Bread, Chocolate, & Immigrant Self-Hatred

Bread and Chocolate (Manfredi on right)

Film Friday

This past week I showed the third film in a “Fences” series I have been running. (The previous films, also receiving posts, were Grand Illusion and Touch of Evil.) Franco Brusati’s 1976 gem Bread and Chocolate got me thinking about the way that our own immigrants view themselves.  Is there the same self-hatred?

The film is about an Italian immigrant worker who wants to repatriate and move his family to Switzerland.  At the start of the movie he is competing with a Turkish worker who wants the same future.  Whoever proves the better waiter at a restaurant will get to stay. The other must leave.

Nino Garofalo (played by Nino Manfredi) has a hint of Charlie Chaplin about him and there is a fair amount of slapstick in the film.  Like a number of Chaplin films, especially City Lights, melodrama mixes with comedy, and at times one isn’t sure whether to laugh or cry.  This is especially true in the most memorable scene, which occurs in a chicken house.

Nino has lost out to the Turkish worker but has found a job as an illegal immigrant butchering chickens.  As he walks into the converted chicken shack where the workers live (the rent is free), they show him a special skill they have developed: they can strut and crow like chickens.

It’s funny and horrifying both: living on the margins of society, they have all but become chickens themselves.  Then, to accentuate this point, Brusati shows us a party of young Swiss men and women on an excursion in the idyllic mountain streams that run by the chicken house.  They are portrayed as Teutonic gods and goddesses, striding nude in majestic and soft focus splendor in scenes that could appear in Wagner’s Ring Cycle.  The Italian workers press their noses against the chicken wire gawking at them.

Nino is filled with self-loathing.  He wants to be associated with the Swiss, not with the Italians.  He wants to distance himself from the traits the people ascribe to his countrymen (spontaneous, dirty, easy-going, sexually forward). One of the most painful scenes occurs immediately after the chicken episode: he dyes his hair blond and tries to pass himself off as Swiss.

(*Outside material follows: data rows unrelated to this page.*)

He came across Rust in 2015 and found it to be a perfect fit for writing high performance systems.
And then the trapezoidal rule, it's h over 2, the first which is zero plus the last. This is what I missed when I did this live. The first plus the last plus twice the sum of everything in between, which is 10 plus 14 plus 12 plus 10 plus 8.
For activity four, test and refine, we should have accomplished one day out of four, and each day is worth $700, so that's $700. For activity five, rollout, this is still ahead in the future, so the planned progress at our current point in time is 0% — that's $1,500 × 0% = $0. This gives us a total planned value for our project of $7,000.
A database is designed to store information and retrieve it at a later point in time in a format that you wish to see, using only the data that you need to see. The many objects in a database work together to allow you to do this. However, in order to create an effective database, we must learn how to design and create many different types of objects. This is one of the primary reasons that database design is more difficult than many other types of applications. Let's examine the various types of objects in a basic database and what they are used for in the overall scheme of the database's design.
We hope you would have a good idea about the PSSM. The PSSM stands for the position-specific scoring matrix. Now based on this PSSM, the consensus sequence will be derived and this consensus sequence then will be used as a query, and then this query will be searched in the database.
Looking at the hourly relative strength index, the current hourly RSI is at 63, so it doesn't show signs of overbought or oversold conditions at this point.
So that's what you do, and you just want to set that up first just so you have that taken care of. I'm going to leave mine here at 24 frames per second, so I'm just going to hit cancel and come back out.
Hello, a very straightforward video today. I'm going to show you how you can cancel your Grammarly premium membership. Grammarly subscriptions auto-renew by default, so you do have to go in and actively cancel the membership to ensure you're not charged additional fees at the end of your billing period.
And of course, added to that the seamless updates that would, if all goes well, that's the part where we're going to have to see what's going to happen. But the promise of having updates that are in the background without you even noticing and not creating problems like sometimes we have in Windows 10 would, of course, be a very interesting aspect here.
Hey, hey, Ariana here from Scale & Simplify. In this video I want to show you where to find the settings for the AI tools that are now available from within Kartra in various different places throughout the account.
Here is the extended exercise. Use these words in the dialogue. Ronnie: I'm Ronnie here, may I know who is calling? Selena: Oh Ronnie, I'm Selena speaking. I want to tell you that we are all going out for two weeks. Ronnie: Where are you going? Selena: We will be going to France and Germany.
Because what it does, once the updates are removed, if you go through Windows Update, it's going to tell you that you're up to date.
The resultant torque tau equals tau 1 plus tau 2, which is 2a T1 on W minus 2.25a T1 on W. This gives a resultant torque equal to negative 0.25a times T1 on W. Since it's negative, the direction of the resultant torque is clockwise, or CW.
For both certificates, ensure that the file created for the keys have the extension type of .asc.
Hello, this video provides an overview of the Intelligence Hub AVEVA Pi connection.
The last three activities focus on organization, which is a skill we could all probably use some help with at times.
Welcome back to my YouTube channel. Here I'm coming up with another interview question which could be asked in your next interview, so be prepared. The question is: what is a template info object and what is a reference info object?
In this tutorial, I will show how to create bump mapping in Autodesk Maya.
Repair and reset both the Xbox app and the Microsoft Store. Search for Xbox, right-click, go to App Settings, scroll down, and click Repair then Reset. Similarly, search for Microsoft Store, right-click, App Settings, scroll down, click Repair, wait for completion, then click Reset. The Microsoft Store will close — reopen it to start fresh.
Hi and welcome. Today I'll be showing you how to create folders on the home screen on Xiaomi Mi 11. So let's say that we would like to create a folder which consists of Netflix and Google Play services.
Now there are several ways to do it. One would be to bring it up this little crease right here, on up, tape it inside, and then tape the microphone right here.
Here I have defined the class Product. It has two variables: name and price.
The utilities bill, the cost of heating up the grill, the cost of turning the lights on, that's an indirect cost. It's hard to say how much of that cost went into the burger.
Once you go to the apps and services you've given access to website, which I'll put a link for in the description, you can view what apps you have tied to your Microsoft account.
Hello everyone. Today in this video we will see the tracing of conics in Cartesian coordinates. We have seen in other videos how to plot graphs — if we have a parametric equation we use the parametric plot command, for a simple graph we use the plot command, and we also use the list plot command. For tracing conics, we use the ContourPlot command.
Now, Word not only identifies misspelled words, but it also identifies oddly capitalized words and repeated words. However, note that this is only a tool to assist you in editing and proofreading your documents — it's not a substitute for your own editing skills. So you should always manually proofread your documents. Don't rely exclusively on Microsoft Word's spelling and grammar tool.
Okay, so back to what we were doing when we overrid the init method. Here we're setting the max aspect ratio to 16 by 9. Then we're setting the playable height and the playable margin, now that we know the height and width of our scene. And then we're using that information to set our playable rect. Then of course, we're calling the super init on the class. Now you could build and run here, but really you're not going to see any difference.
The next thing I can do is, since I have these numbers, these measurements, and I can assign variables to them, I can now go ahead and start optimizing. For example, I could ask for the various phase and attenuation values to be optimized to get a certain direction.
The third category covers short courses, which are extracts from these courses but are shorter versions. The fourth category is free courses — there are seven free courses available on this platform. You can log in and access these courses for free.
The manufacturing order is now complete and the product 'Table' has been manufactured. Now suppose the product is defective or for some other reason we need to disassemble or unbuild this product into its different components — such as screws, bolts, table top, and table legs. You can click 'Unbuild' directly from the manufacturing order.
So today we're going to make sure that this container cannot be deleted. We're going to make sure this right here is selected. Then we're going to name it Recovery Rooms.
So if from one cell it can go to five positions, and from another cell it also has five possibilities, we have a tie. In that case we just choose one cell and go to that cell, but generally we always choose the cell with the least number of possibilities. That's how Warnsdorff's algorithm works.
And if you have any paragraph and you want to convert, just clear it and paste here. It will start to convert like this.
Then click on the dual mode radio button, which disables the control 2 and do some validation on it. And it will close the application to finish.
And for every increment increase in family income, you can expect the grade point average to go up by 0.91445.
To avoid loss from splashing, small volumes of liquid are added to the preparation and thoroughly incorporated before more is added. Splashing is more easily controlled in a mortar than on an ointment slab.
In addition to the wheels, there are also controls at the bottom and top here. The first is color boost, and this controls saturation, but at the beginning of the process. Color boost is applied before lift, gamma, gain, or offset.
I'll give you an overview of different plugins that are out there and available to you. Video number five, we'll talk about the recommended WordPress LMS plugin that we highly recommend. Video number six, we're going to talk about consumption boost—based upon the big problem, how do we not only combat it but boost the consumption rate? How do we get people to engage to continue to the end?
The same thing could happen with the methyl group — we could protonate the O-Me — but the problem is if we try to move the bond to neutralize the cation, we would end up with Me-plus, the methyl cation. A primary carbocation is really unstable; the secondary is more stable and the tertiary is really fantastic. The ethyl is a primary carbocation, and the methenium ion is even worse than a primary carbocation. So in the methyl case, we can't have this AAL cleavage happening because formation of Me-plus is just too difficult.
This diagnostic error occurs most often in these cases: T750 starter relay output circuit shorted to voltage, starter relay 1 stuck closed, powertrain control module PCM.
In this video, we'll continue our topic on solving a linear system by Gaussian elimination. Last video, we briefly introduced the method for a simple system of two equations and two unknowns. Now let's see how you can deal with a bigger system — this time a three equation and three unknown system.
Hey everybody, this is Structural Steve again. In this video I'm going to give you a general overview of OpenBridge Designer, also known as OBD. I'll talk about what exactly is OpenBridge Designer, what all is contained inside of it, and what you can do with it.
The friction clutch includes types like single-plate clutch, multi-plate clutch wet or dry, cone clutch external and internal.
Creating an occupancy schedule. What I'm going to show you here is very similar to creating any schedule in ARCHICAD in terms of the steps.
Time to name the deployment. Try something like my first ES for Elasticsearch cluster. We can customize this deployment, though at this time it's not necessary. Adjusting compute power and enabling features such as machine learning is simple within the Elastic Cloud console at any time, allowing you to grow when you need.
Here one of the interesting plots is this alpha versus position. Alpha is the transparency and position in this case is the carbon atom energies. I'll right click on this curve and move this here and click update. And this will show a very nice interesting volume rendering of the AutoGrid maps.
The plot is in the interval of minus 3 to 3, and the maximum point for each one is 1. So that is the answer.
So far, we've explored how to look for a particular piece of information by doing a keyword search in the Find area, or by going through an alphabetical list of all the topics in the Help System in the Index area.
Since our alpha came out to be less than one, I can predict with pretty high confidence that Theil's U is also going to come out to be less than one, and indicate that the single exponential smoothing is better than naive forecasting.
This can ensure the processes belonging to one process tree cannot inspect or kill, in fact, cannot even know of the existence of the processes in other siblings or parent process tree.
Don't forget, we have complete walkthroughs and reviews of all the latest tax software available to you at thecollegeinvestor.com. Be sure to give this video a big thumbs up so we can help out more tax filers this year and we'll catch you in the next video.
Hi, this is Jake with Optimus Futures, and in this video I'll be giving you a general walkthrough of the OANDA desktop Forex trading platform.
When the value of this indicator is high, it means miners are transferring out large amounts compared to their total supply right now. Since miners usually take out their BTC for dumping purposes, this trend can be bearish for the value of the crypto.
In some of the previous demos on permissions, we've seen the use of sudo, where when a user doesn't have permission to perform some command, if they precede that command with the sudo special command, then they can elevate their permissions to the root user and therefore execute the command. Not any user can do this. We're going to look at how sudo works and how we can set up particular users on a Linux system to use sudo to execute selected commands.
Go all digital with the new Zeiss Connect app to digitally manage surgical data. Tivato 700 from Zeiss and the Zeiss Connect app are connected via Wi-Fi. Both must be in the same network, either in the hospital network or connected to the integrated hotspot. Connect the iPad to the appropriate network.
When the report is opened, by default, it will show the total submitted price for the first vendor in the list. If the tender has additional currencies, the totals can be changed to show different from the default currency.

He cannot maintain the poise, however.  Watching the Swiss play the Italians in a televised soccer match, he manages for a while to tolerate the racist barbs thrown at the Azzurri—in fact he joins in—but he can’t help but celebrate when the Italians score.  On the way out of the bar, he sees his blond reflection in a mirror and smashes his head against it.  He is thrown out of the country.

Then, miraculously, he receives a six-month work visa.  An immigrant friend, now married to an immigration official, has found him a reprieve.

At first, feeling tired and broken, he rejects it. But the film’s last shot proves not to be the last shot.  Initially we think we have seen the last of him as his train disappears into the tunnel taking him from Switzerland to Italy.  His defeat seems final.

Only then, after the camera rests for a few seconds on the tunnel mouth, we see a small figure emerging, suitcase in hand.  It is Nino, his hair now both blond and black, coming back for more.  We don’t know how to feel.

It is his mixed feelings about both Switzerland and Italy that make this such a disconcerting, and such an interesting, film.  The Swiss are cold and unfeeling yet he wants to be one of them.  The Italians are more interesting but he is embarrassed by their company.  It’s not a pleasant mixture—the two don’t go together as nicely as (Italian) bread and (Swiss) chocolate—which may be why the film is not yet available on Netflix.  Brusati’s film is not, say, the German film Mostly Martha, where German reserve and Italian spontaneity come together in a happy ending.  Bread and Chocolate makes one think a lot more.

This time, while watching, I thought about how our own Latino and Latina immigrants must see both the United States and themselves. Do they reject their own cultures and idealize those of America? How does the anti-immigrant feeling evinced by parts of America enter into how the newcomers see themselves? Is there this same mixture of envy and self-loathing?

I don’t know the answer.  But now I wonder.